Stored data
>>>
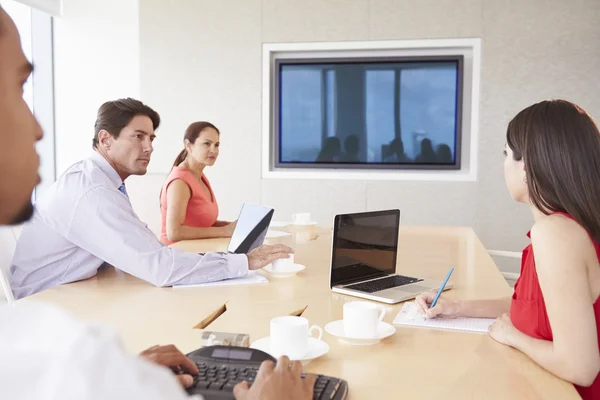 Empresarios que tienen videoconferencia en la sala de juntas — Foto de Stock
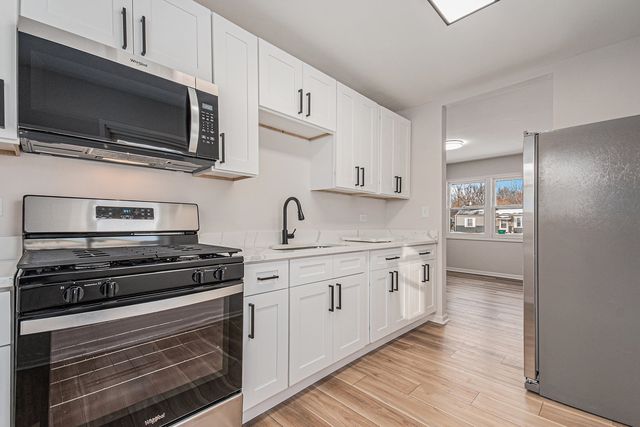 512 Sehring Street, Joliet, IL 60436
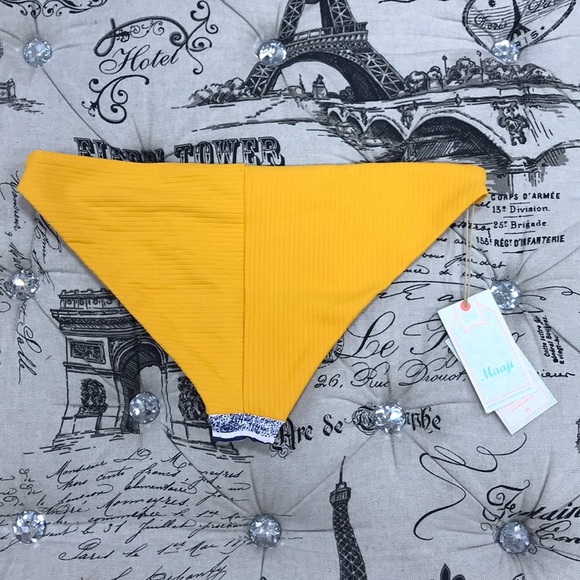 🎁 Maaji Split Reversible Bikini Bottoms - Picture 4 of 7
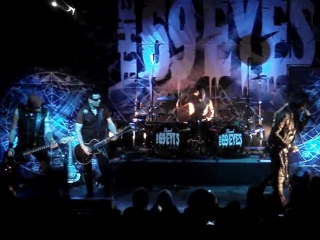 The 69 eyes "love runs away & "betty blue" & "perfect skin"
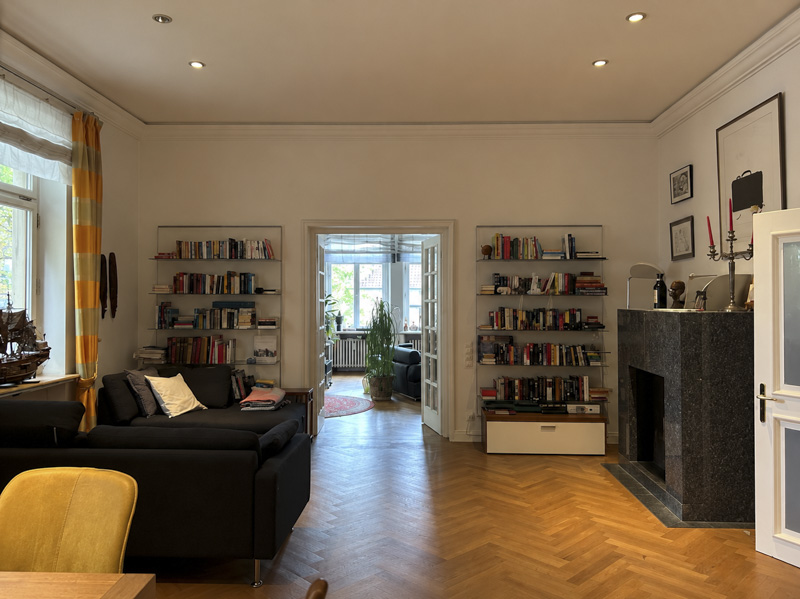 Stilvolle 4 Zi.-Altbauwohnung mit 2 Balkonen und Garage in einer Stadtvilla in Mainz, Nähe Hbf - Photo 1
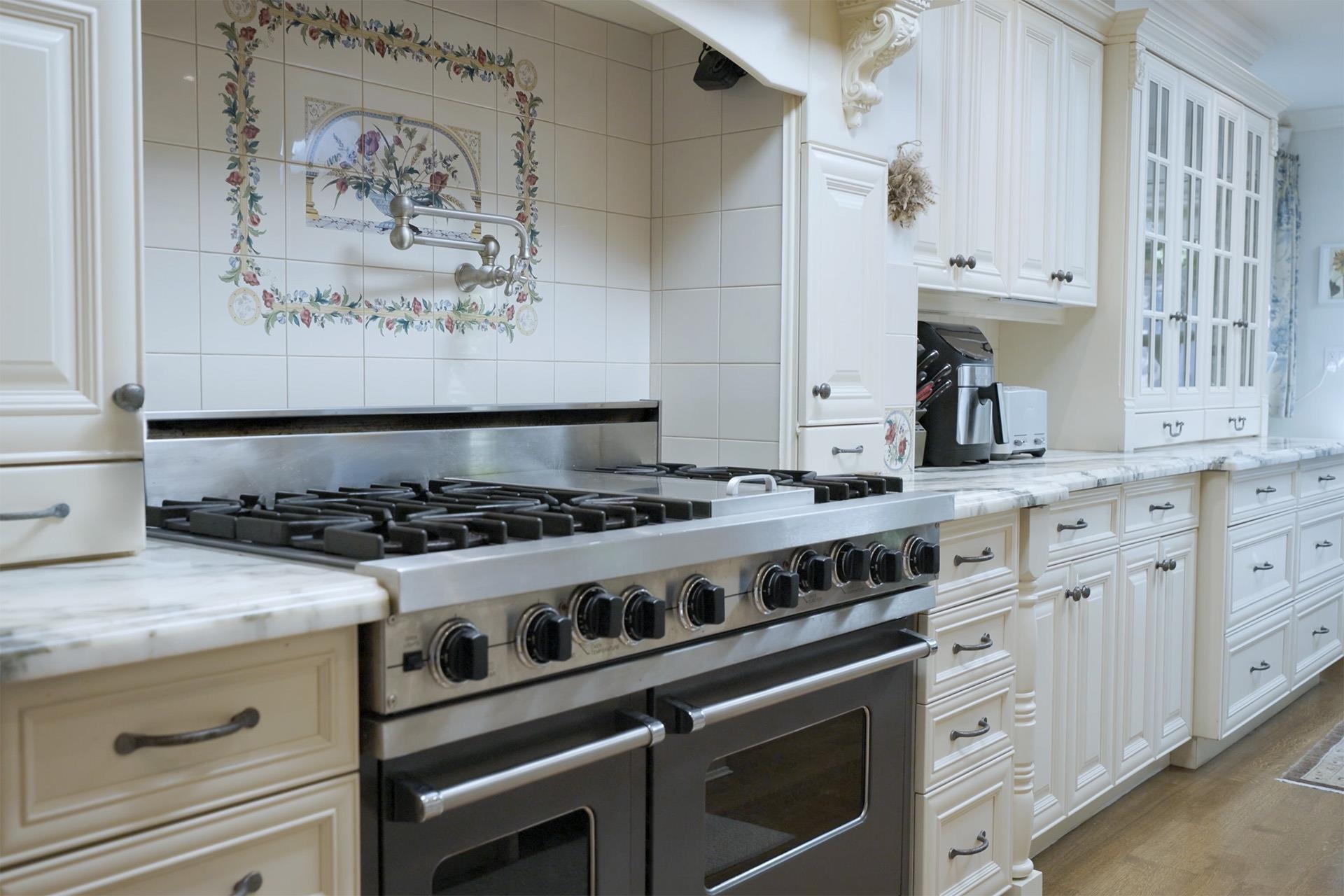 Listing image of 539 NEWCROFT PLACE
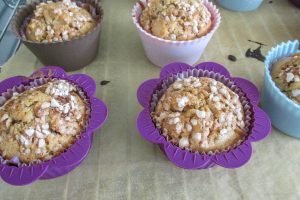 Muffins mal anders gebacken - mit kleinen Apfelstückchen, Zimt und Hagelzucker für den besonderen Geschmack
<<<
- **Exercise description**
The answer is the records above, repeated exactly, with no picture in it.

- **Solution below**
 Empresarios que tienen videoconferencia en la sala de juntas — Foto de Stock
 512 Sehring Street, Joliet, IL 60436
 🎁 Maaji Split Reversible Bikini Bottoms - Picture 4 of 7
 The 69 eyes "love runs away & "betty blue" & "perfect skin"
 Stilvolle 4 Zi.-Altbauwohnung mit 2 Balkonen und Garage in einer Stadtvilla in Mainz, Nähe Hbf - Photo 1
 Listing image of 539 NEWCROFT PLACE
 Muffins mal anders gebacken - mit kleinen Apfelstückchen, Zimt und Hagelzucker für den besonderen Geschmack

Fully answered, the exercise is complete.